When you open a popular online service, say YouTube, from your machine, a set of videos appears on its home page. Later, if you open the same service from another machine, it displays a different set of videos. Who is behind this? The simple answer is the YouTube machine learning (ML) algorithm. The algorithm quietly observes your browsing habits, learns from it and determines the kind of videos you prefer to watch. And based on the algorithm’s recommendations, YouTube displays a page (supposed to be) tuned to your interests.
Perhaps you may be wondering, what the heck is this machine learning stuff and how are solutions based on it different from the conventional problem-solving approach? Let us explain with an example. All of us are familiar with spam or junk emails that fall into our mail box regularly. We enlist the service of an antispam tool to identify and filter out these junk emails. Conventional spam detection services monitor certain attributes of the incoming mail and based on a set of rules compute a spam score for the mail. And if the spam score of the mail exceeds a threshold value, the tool marks it as a spam. Here, the success of the solution depends on the power of its rule set (the rules like, if the mail comes from certain kinds of domains/IP addresses or certain e-mail ids it could be spam; if it contains a certain set of words it could be junk etc.).
To facilitate the smooth functioning of this anti-spam solution, one needs to create a database of blacklisted domains, email ids and the like. Once the tool is up and running, it will certainly function well for a while. However, in no time you will find holes in the system. The content in the blacklist database (domain names, email ids, spam words, etc.) keeps on changing- spammers always get smarter- and unless you monitor these parameters continuously and update them (along with the rule sets) the system will become obsolete. The problem with this type of solution lies in the static nature of the data and rule set. So, the conventional static rule based system simply cannot scale.

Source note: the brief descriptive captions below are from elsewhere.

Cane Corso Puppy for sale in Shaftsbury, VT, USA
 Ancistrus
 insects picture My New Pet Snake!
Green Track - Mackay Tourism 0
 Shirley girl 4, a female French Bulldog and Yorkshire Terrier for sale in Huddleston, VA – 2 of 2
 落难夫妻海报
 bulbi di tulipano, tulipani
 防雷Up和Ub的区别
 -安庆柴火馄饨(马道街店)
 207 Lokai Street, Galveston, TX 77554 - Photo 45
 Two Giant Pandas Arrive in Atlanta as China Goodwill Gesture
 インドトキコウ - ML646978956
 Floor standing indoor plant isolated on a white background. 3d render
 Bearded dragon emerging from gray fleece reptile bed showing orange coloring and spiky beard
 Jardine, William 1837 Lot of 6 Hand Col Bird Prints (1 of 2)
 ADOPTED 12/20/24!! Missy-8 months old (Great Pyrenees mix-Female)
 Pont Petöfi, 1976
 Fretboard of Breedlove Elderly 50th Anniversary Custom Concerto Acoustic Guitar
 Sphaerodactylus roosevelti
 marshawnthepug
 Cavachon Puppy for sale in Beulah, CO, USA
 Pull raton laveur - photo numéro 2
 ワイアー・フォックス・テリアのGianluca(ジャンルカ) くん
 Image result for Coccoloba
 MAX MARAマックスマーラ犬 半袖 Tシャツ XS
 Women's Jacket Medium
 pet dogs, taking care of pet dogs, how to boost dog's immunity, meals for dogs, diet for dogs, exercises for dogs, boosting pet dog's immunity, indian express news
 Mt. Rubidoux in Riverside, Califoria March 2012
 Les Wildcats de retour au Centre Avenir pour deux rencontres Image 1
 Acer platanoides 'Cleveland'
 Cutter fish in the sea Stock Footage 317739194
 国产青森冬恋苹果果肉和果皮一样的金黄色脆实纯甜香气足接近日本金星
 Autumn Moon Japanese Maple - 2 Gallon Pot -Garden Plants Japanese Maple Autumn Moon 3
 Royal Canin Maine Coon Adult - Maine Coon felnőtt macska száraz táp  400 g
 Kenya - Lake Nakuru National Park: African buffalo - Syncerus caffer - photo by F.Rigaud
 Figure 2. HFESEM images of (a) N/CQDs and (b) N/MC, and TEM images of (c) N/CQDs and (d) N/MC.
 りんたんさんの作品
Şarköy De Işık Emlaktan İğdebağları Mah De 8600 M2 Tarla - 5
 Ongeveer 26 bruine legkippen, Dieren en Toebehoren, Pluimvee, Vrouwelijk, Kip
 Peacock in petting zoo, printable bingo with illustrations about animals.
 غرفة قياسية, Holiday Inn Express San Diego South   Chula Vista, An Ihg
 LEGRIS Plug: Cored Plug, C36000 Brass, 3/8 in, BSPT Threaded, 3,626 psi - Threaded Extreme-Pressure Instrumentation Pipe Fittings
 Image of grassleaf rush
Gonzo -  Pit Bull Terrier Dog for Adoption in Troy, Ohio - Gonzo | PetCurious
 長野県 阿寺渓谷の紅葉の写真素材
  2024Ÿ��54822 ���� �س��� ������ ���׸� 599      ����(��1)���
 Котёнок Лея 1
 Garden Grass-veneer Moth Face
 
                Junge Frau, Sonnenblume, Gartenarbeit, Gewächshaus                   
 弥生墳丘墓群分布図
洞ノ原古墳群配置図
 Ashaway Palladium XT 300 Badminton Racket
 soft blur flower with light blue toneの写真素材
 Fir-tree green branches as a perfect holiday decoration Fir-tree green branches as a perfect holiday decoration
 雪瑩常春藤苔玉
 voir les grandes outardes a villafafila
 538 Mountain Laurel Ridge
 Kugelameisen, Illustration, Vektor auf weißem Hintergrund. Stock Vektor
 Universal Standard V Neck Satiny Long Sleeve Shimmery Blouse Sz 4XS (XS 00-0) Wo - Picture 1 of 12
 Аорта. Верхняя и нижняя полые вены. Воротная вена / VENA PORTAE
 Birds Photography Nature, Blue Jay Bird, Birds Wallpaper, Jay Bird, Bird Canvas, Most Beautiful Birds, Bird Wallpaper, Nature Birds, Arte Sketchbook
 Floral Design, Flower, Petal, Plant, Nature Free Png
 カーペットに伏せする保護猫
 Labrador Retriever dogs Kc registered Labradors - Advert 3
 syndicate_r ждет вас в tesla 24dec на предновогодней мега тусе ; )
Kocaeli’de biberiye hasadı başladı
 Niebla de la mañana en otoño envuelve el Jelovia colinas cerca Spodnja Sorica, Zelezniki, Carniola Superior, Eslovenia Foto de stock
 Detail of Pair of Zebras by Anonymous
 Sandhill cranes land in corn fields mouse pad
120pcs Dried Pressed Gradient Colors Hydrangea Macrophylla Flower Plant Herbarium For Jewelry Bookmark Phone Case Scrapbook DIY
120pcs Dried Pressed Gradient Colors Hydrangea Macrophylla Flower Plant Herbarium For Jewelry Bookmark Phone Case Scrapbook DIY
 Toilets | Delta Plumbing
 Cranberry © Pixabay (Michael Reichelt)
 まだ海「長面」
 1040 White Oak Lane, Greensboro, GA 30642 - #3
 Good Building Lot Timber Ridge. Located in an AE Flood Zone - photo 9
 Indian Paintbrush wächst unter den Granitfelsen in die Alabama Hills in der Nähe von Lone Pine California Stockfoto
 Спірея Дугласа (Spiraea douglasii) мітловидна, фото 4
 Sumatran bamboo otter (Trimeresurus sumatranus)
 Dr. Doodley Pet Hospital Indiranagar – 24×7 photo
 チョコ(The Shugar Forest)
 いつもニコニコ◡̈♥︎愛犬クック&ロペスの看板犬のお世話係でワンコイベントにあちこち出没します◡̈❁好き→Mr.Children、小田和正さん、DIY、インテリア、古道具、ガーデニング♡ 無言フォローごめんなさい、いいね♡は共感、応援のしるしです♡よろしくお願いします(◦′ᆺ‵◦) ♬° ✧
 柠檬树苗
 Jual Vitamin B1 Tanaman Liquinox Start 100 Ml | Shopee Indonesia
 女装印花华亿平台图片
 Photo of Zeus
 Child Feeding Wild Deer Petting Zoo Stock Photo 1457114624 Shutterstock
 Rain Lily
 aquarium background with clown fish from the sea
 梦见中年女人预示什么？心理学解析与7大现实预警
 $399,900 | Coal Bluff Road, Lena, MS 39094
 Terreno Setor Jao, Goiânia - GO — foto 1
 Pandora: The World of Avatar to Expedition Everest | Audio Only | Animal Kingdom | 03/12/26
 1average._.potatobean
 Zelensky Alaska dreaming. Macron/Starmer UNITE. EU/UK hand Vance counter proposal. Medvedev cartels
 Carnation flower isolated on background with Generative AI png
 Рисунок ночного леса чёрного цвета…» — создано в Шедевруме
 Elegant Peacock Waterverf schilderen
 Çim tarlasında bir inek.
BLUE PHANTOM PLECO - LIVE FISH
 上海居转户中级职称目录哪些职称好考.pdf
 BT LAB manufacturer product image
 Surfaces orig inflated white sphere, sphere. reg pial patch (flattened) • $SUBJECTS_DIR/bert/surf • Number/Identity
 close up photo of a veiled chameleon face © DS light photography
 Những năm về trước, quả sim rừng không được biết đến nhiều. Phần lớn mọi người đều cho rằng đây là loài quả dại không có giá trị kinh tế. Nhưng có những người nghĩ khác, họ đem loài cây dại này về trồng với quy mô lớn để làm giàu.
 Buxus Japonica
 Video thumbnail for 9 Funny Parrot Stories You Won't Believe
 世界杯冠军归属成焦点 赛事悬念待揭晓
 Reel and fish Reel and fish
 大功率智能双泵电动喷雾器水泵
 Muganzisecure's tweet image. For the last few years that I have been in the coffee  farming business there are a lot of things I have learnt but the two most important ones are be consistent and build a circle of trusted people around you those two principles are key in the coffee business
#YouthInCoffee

Let us assume that we already have some emails marked as spam and non-spam, users themselves figure out the spam emails and transfer them to the spam box. Now, one can learn the patterns of the spam emails by analysing this data. Once the features of a typical junk mail are identified, the software can use this information to mark the new incoming mail as spam or not. If the new mail conforms to the pattern, the system will mark it as spam. This is the crux of the machine learning approach. The distinctive feature of this approach is the meticulous use of the data already archived.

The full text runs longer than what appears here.